In many applications, output from parallel programs must be performed exclusively by a single processor because the output must be ordered in a certain way. In exclusive output, one processor performs all output. However, the means of gathering and ordering output varies. One version is cooperative output. Algorithms in this class allow workers to retain results until processing is completed, then results are combined in an additional processing stage. This reduces the overall message overhead, but may tend to flood the master with messages. To alleviate this bottleneck, a binary tree summation of the outputs may be performed. Another output scheme, submission, requires the master processor to have immediate responses from the workers. If input images are processed from the first line to the last, regular submission of results naturally lends itself to creation of a properly ordered output file. Each time an output line is received by the master, an input line is sent to the slave, keeping a steady work load on the system. This allows the master’s output combination time to be hidden in the processing time of workers.

**Synchronization.** Synchronization strategies are the most varied, being tightly, loosely, or non-coupled. Tightly-coupled algorithms use lock step synchronization on each iteration of a processing loop. The master will only accept output messages from workers in the proper order. Similarly, the input messages are sent in order. This keeps all processors in step at all times. Loosely-coupled synchronization occurs when workers receive assignments from and return outputs to the master, but each proceeds at its own pace. The master receives output lines in any order and sends input lines to the first idle worker. Non-coupled algorithms do not require synchronization in main processing loops. In one version, after the master sets up processing, it merely receives output and writes it to disk. The other allows all processors (including the master) to work on separate input file sections, not synchronizing until the output is coalesced in a final processing stage. This is identical to sharing.

**Latency-Hiding Techniques.** Buffered reads and writes are incorporated in all of the parallel programs written for this project. Input data are always pre-read before needed, either in large blocks or by an entire file. This decreases the wait time inherent in master-slave processing. When slaves send results to the master, they must wait for their next assignments. If the master reads input data into RAM ahead of time, it can be sent immediately after a completion response is received from a worker. Having one processor ready at all times to send more input reduces the workers’ wait times. Similarly, storage of output data until a large amount can be written to disk reduces overall access overhead and decreases total worker wait time.

Exclusive I/O for the master processor is the rule used in the T3D code. The ARSC T3D has only 4 I/O channels, two high speed and two low speed, for communication with the host Y-MP system. The Y-MP must respond to requests from the...
T3D as well as from its own processes. This makes file I/O the slowest link in the processing chain. Thus, reduction of file contention represented a significant part of the optimizations performed for this project. Restricting metadata file reads to the master processor allows nearly constant algorithm set-up time.
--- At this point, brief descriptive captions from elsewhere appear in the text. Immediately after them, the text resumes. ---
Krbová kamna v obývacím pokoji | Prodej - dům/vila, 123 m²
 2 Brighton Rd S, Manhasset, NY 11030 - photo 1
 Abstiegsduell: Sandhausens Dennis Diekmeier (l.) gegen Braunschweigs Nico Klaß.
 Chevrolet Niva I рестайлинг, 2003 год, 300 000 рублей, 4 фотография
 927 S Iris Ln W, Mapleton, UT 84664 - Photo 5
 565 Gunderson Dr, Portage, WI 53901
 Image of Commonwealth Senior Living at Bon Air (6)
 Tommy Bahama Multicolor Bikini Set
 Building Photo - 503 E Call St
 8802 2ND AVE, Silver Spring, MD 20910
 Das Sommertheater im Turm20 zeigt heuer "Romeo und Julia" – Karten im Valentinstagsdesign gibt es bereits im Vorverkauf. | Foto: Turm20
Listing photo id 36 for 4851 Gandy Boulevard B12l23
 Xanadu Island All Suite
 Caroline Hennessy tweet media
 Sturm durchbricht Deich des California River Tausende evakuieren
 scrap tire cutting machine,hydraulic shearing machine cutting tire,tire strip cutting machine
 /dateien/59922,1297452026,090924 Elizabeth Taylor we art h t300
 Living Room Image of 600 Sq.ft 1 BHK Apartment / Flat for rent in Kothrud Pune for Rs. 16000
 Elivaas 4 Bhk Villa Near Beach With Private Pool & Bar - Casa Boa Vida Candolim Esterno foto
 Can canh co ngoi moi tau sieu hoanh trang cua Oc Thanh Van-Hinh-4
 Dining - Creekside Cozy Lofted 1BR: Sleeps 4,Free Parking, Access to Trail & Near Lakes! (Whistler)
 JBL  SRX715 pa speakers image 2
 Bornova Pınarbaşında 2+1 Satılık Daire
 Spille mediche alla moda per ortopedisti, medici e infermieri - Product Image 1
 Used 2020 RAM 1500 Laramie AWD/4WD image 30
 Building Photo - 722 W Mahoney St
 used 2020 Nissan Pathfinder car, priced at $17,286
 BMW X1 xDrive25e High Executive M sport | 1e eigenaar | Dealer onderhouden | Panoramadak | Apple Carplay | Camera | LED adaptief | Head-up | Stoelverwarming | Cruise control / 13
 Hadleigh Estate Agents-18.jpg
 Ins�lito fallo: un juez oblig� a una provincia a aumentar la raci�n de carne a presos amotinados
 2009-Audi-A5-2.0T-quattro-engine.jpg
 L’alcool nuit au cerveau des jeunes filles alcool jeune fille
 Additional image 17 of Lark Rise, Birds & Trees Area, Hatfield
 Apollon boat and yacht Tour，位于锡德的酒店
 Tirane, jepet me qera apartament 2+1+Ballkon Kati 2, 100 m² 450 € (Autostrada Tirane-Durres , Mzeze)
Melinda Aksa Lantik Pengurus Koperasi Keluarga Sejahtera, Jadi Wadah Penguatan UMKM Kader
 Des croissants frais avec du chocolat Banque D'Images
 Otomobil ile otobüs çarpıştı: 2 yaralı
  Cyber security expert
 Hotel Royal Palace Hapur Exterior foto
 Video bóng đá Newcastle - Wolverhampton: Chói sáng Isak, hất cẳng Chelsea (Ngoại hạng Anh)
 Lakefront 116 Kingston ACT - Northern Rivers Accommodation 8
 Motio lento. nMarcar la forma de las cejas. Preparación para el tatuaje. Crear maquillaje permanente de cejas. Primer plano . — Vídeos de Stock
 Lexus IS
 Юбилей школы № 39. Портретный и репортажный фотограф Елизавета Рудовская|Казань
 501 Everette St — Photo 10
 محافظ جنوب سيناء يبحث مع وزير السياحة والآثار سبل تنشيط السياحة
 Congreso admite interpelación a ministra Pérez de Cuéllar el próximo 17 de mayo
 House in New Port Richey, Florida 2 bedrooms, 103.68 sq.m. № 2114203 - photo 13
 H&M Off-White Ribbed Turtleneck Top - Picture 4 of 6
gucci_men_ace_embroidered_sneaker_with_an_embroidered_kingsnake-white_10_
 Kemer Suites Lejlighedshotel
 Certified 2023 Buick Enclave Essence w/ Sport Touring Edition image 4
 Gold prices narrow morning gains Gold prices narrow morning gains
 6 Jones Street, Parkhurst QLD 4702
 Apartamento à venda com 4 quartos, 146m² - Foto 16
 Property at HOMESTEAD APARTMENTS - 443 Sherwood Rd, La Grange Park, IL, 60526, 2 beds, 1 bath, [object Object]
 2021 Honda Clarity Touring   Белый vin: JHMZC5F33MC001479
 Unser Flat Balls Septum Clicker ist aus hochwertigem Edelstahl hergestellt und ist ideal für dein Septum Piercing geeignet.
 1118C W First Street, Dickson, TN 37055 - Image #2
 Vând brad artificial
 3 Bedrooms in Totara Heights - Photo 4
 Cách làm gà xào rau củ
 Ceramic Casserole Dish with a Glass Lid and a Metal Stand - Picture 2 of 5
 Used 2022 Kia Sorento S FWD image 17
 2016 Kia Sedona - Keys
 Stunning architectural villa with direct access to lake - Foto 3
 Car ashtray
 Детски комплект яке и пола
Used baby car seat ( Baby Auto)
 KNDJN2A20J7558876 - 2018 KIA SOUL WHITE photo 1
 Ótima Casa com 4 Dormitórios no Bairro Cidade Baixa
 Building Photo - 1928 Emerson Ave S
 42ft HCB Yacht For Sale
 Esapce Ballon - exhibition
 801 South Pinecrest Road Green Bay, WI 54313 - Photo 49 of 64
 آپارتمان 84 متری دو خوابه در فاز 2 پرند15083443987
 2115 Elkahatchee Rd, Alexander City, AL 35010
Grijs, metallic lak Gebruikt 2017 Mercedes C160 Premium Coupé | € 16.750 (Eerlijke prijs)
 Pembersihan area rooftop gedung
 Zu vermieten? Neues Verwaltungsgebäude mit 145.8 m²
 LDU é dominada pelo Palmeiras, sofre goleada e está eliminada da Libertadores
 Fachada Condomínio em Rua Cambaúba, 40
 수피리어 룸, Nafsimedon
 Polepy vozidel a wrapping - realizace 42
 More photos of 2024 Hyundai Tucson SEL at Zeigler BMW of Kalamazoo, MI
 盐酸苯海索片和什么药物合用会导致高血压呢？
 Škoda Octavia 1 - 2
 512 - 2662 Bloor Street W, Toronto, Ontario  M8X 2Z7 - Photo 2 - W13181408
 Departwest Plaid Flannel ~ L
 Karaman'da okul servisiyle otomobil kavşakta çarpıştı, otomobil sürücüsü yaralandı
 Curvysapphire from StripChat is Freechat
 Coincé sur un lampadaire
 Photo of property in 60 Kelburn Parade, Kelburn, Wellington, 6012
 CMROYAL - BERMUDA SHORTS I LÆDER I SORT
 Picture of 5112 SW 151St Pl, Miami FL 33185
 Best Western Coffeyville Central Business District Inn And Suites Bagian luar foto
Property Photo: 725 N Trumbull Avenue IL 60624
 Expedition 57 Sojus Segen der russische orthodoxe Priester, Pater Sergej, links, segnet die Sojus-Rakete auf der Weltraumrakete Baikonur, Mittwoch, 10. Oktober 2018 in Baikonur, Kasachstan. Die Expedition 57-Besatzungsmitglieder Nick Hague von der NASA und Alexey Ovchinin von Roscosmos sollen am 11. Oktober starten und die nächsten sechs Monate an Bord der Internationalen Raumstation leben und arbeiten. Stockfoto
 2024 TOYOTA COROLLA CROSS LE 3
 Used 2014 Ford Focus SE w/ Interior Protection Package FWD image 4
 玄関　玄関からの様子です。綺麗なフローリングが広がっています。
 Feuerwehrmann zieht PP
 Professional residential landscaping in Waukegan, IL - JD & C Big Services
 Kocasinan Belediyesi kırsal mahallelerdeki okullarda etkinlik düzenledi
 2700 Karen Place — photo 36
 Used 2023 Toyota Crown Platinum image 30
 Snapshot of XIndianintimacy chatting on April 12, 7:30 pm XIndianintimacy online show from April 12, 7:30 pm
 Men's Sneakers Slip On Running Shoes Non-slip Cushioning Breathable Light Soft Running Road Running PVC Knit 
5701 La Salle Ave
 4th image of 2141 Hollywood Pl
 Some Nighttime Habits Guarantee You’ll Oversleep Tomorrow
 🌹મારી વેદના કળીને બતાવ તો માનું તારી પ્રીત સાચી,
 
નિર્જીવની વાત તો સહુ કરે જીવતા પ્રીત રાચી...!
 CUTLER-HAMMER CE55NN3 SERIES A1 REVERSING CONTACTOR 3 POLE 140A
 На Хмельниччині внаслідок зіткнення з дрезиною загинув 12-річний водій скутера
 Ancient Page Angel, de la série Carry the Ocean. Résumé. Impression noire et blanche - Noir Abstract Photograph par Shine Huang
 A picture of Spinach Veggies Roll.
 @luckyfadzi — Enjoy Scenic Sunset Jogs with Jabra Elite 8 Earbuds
Since the metadata involved in terrain correction comes from three short files, having more than four processors simultaneously performing setup degrades performance to serial execution at disk access speed. Constant start-up time is one thing, but file contention occurs during processing as well. For this reason, exclusive reads are used in all but two of the programs.

Multiple line sends establish a balance between processing time and the overhead involved with processing. Each worker must take as long to process a single input message (receive, do work, return output) as it takes the master to process all other workers (receive and store output and read and send input). Otherwise, workers will have to wait to be serviced. A block processing method that provides scalable input message sizes is used for several of the T3D programs. This method introduces a variable called block which controls the number of input lines that are to be sent per message. By adjusting this variable, a balance can be achieved that virtually eliminates worker wait time, up to the maximum number of workers a single master can service.

4 Results

To properly analyze setup, wait, file, work, and output cooperation times in the parallel programs, each of these actions was surrounded by timer calls. Examples of sectioned T3D timings for the master processor and the slowest slave processor are given in Figure 5. The las_to_raw time was not subdivided since it operates in a serial fashion. The Y-MP times for editcorr and tiecoef were not subdivided or analyzed due to the small CPU times involved.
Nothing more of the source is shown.